Qu’elles aient l’aspect de posters, de puzzles ou d’albums cartonnés, les illustrations de Guillermo Mordillo ont impressionné durablement d’innombrables rétines dans les années 1970 et 1980, quand le dessinateur argentin était au sommet de sa gloire. Ses girafes au cou interminable, ses éléphants obèses, ses amoureux à la tendresse désarmante, ses footballeurs au nez aussi rond que leur ballon ont façonné un petit théâtre poétique sous le signe du rire et de l’absurde, qu’il est impossible d’oublier.

La disparition de l’humoriste, samedi 29 juin à son domicile de Majorque (Espagne), à l’âge de 86 ans, plonge dans une profonde nostalgie tous ceux et celles qui, un jour ou l’autre, dans leur chambre d’ado, ont souri aux situations rocambolesques sorties de son crayon.

« J’adorais ses livres quand j’étais petit, ses images fourmillantes de millions de détails m’ont beaucoup influencé », a commenté l’auteur de BD Boulet, sur son compte Twitter.

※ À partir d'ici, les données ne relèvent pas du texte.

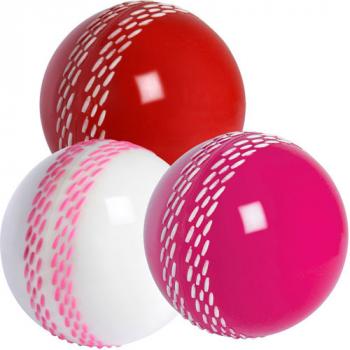 Cricket Balls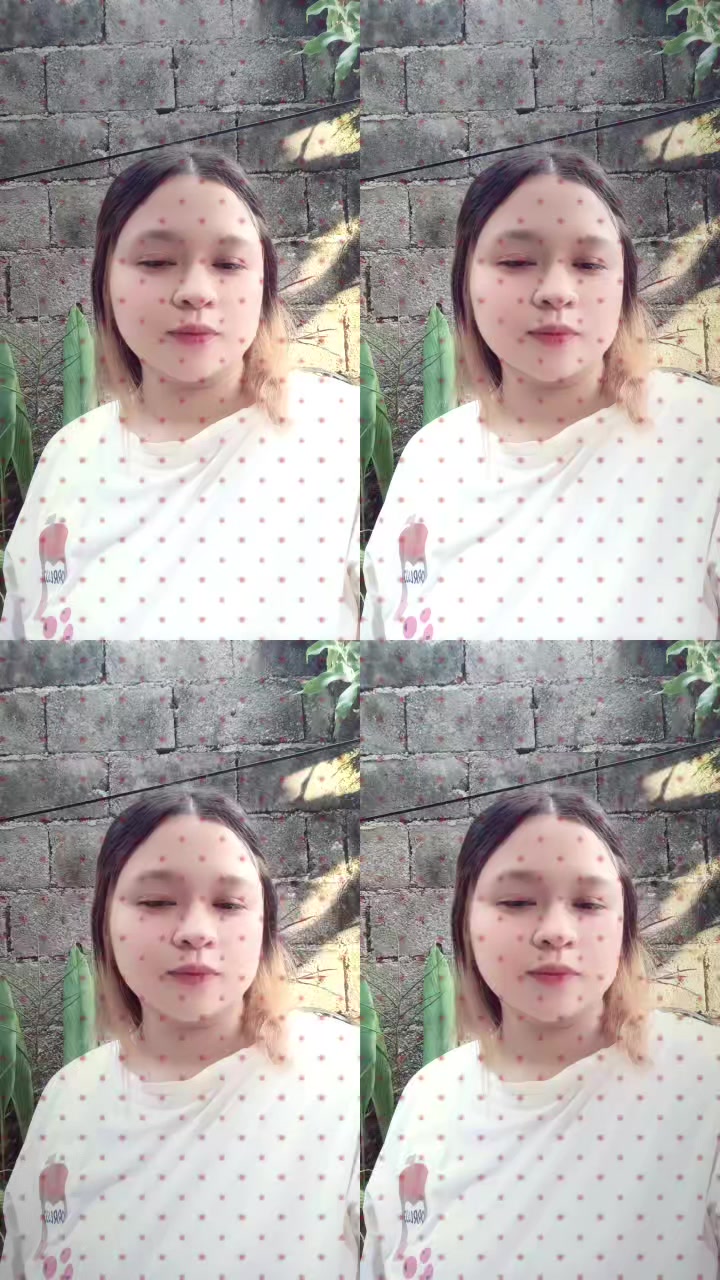 @Aico29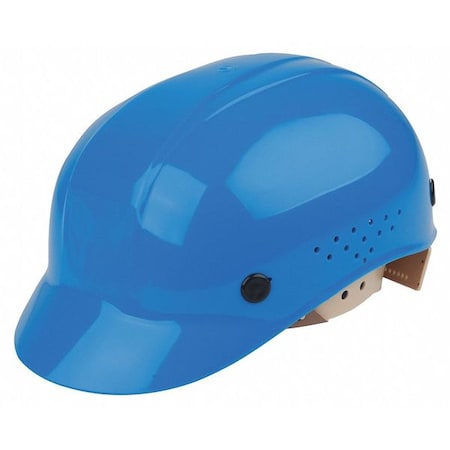 North Ppe BC86070000 - product photo 1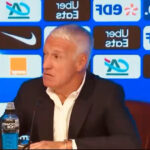 Arabie saoudite : Benzema confirme la montée en puissance du championnat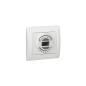 Preview: ARDEBO.de Legrand Einsatz Smart Rollladensteuerung 230V 50/60Hz ultraweiß (775746)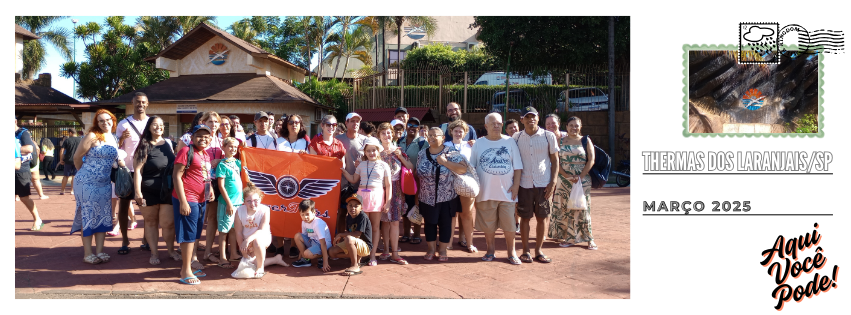 THERMAS DOS LARANJAIS_SP.png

Définir le style Mordillo est assez simple. Il se caractérise par une ligne claire d’une rondeur et d’une souplesse toujours égales, jamais altérées par l’usure du temps ou le changement de techniques. Par l’usage du blanc comme couleur principale donnée à ses personnages, ce afin de les faire mieux ressortir au milieu de décors chatoyants. Par l’absence de parole, enfin. Voir un phylactère s’échapper de la bouche d’un de ses protagonistes aurait été impensable. Mordillo avait mis au point un humour universel, accessible à tous, hermétique au bouillonnement du monde extérieur. Cela explique pourquoi on trouvait ses réalisations aussi bien dans les magasins de jouets de Tokyo que dans les librairies de Saint-Germain-des-Prés.

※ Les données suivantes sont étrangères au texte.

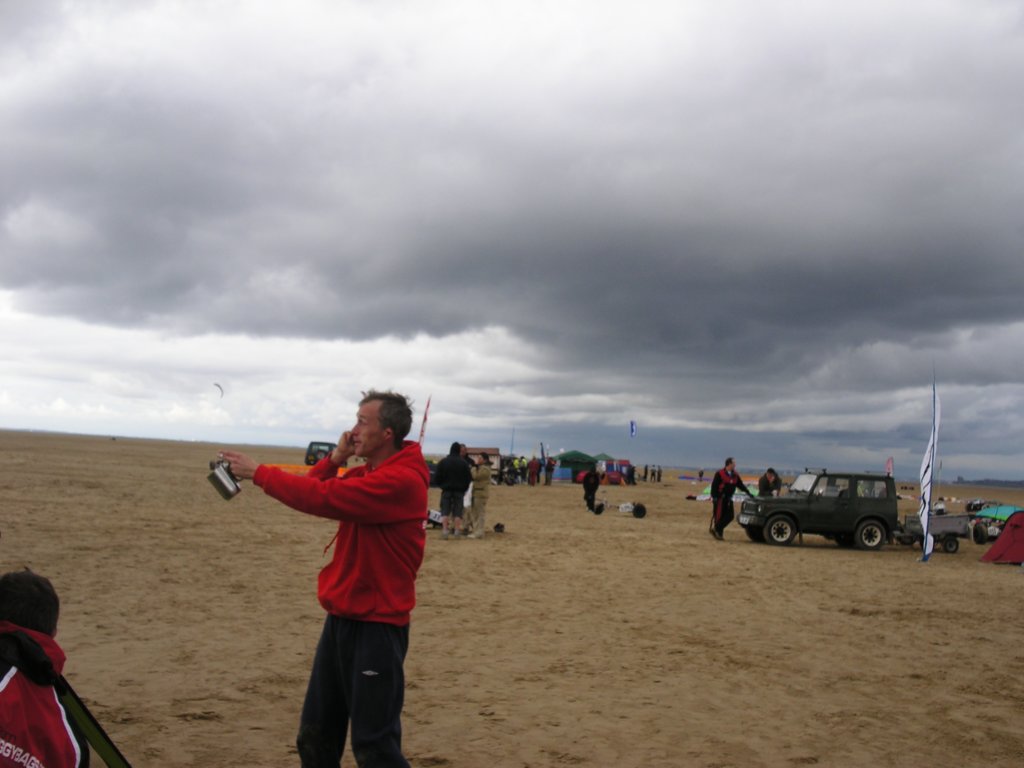 hoylake24hrchallengebuggybagsjun07186.jpg
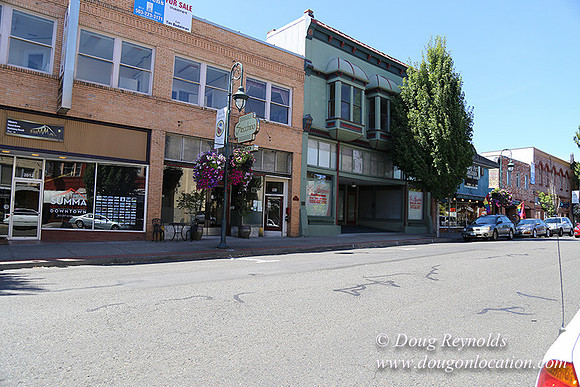 Forest Grove-0480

Aucun vainqueur aucun vaincu, seul le rire compte les points

La principale marque distinctive de son humour reste néanmoins cet art du décalage permanent, où la forme est souvent mise au service du gag. Un groupe de cyclistes s’avance sur une route coupée en deux par un fossé ? Allongée horizontalement, une girafe déploiera son cou à la manière d’un pont. Sur l’échafaud, un condamné à mort s’apprête à être pendu ? Il a le temps de se prendre en selfie. Un torero réclame l’ovation du public après plusieurs passes ? Le taureau lui botte les fesses en retour. Chez Mordillo, aucun vainqueur aucun vaincu, seul le rire compte les points. Ses dessins aux accents de pantalonnade rudoient sans distinction les tares du genre humain, de la vanité à l’arrogance.

Pour atemporel qu’il paraisse, l’humour mordillesque a mis un certain temps avant de s’élaborer et de se figer dans une esthétique familière. Né le 4 août 1932 à Buenos Aires, Guillermo Mordillo Menéndez travaillera d’abord dans la publicité avant de créer un studio de dessins animés, le studio Calas, alors qu’il a tout juste 20 ans. Comme de nombreux dessinateurs argentins à l’époque, il fuit la dictature pour s’installer à l’étranger, d’abord à Lima, en 1955, puis à New York et à Paris, où il arrive en 1963.

La publicité est alors encore son principal gagne-pain, ce qui ne l’empêche pas de placer quelques gags dans des magazines tels que Lui, Paris Match, Marie Claire ou encore Pif Gadget – un éclectisme qui témoigne, très tôt, de l’œcuménisme d’un auteur qui, à l’image d’un Sempé ou d’un Quino (son compatriote, créateur de Mafalda), va bientôt conquérir le monde avec ses bonshommes à gros nez et ses girafes lunatiques.